Well, it turned out to be waay harder than I imagined. The problem I ran into is it while it's really easy to create a single circle that rises from ground level to a particular altitude (in this case the 10,000 foot ceiling of the airspace) it's apparently impossible to create a circle that starts at a particular altitude and then rises to another altitude.



In other words, creating the inner-ring of the MSP Class B was simple. Creating the subsequent outer rings is something I haven't figured out how to do yet. I can get the base of the rings to show up at the proper altitude, I just can't fill them up to the 10,000 foot level.

And I haven't even tackled the odd-shaped cutouts in the airspace yet.

Anyway, my brain is full and I'm in serious need of a beer.

If anybody out there can figure this one out I'll buy you a six-pack.

Here's my .KML file. Feel free to save it and open it with Google Earth and play around for yourself.

Tuesday, April 18, 2006

Back to the books

It's time to start studying again to start getting ready for my CFI training.

Today I decided to dive into "The Illustrated Guide to Aerodynamics."

Learning aerodynamics makes my head hurt, so this one is going to be a struggle.

My only salvation is knowing that it will, in theory, make me a better instructor.

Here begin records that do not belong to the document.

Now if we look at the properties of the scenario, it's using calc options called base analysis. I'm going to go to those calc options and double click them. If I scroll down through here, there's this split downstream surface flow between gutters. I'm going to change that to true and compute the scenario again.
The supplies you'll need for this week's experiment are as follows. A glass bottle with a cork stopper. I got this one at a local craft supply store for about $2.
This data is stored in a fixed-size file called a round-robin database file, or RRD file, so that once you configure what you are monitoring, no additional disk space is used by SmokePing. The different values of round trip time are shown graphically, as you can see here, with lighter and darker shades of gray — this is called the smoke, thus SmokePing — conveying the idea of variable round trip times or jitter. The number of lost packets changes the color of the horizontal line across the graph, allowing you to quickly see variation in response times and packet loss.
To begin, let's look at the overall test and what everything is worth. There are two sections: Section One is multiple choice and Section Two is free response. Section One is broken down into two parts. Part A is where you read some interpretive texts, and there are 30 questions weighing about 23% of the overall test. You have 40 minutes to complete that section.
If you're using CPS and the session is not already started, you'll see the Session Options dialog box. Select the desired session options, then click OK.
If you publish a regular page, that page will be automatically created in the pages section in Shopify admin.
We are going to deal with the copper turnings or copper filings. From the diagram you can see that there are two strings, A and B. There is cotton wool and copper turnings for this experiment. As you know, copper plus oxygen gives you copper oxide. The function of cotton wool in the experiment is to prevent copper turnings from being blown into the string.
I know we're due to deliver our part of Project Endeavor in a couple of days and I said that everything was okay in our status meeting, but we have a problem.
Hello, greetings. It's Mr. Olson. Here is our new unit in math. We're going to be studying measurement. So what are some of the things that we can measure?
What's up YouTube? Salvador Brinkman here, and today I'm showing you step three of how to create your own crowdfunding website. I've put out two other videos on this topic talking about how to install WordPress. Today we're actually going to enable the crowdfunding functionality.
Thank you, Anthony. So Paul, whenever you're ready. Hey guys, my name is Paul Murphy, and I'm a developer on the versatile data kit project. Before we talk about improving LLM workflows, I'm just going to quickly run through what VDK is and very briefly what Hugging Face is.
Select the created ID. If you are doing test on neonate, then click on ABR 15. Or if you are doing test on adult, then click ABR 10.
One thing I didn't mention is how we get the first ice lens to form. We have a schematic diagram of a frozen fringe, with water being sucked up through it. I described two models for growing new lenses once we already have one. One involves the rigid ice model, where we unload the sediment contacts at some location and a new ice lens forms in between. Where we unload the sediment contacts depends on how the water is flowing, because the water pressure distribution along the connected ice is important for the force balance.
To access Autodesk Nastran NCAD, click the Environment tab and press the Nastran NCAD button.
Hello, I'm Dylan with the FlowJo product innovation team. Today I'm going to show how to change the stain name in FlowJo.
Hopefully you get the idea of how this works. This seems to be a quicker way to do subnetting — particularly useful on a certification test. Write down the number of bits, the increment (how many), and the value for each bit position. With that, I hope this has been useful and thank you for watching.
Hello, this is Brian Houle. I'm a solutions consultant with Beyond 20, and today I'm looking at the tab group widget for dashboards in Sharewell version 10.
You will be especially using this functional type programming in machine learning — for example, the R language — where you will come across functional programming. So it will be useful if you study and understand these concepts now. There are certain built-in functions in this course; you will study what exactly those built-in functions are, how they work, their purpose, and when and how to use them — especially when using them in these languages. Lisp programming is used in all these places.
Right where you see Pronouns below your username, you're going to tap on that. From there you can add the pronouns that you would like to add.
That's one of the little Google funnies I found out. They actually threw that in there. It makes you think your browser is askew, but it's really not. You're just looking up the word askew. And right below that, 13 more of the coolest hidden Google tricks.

Still, I'll have a hard time not saying "money" when asked what makes an airplane fly.

Friday, April 14, 2006

Mr. Clue, meet Mr. Less

I flew the Cirrus up to Alexandria this morning to get some more time in it and keep that comfort level on the rise.

Other than an impressive headwind on the trip up (114 knot groundspeed = 35 knot headwind at 3,500 feet) it was an unremarkable trip, except for the opportunity to witness both some outstanding communications and a truly awful display that left me embarrassed.

The good came up at Alex.

I started monitoring the CTAF about 20 miles out and a Robinson R22 was working the pattern. At 10 miles in quick succession a nifty Partenavia announced they were 10 miles south, a Cessna called 10 miles north and a Tomahawk announced they were five west and entering a left downwind for runway 31.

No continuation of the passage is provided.